This 15-minute workout will mold your legs and abs.
Are you ready to lift and strengthen your entire lower body and get a healthy dose of basic work? I have everything under control. This training scheme is designed to strengthen your buttocks, hamstrings, quads and abdominal muscles in just five moves.
I've also included several one-way exercises (exercises that aim at one side of the body at a time) to help you build up evenly - believe me, this is very important. Also, you don't need any equipment for this workout - but don't worry, you will still feel a burning sensation. It also prepares you for more complex lower body movements such as weight squats and dead lifts. Are you ready to start now?
Lower body and abdominal muscles
Instructions: Perform 10 repetitions for each move, then proceed immediately to the next exercise. After completing all five moves, repeat the round from the beginning. Make a total of three rounds. To gain strength, I recommend doing this routine once or twice a week and first warm up with some dynamic stretching.
Bridge hip-hook elevator
Lie on your back with your knees bent, and your feet on the floor. Hold your right foot to your chest and hold your knee. Grasp the buttock muscles and lift your hips until your left hip matches your back. Get down to the mat. It's a representative. Do 10 repetitions on each side, and then continue with the next step.
Body weight Squat.
Stand with your legs the width of your hip. Bend your knees, put your hips back and lower the body until the hips are parallel to the floor. While you are lowering, raise your hands forward to keep the upper body upright. First, stand up again, squeeze the buttocks and upper body together and raise your hands to the side. This is a representative. Finish 10 reps and then continue with the next step.
Step back

How: Stand on your hips with your legs and arms across the width of your hip. Raise your right leg and take a step back.
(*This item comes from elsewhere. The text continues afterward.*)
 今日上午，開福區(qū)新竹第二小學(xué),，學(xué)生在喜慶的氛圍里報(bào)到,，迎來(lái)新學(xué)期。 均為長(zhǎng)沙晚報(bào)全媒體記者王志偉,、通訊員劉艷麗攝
Lower until your hind knee almost touches the ground, keeping your hips at right angles. Go back to the beginning. It's a representative. Do 10 repetitions on each side, and then continue with the next step.
Split-Stance Hinge With Reach

Stand with your legs the width of your hip. Pull your right leg back two steps and raise the heel to balance the ball on your leg, almost like a kickstand. Lean forward with a flat back on your hips until the upper body is parallel to the floor and extend your arms forward until the biceps are pressed against your ears. Then return to your original position. It's a representative. Do 10 repetitions on each side, and then continue with the next step.
Side squat

How to do it: Start with your legs wider than your thighs and your knees and toes pointing forward. (A slight outward turn of the legs until 11:00 and 1 hour is also great if you feel more comfortable). Lift the weight on the right heel, move your hips back and bend your knee while your left foot remains straight. Try to keep your hip parallel to the ground. You can put your hands in front of you as a counterweight or press them against your chest. Then drive through your right leg to reverse the movement. Stop at the top to squeeze the buttock muscle and stretch the front hips forward. Say it again on the other side. It's a representative. Do 10 repetitions, then repeat the circle from above for a total of three rounds.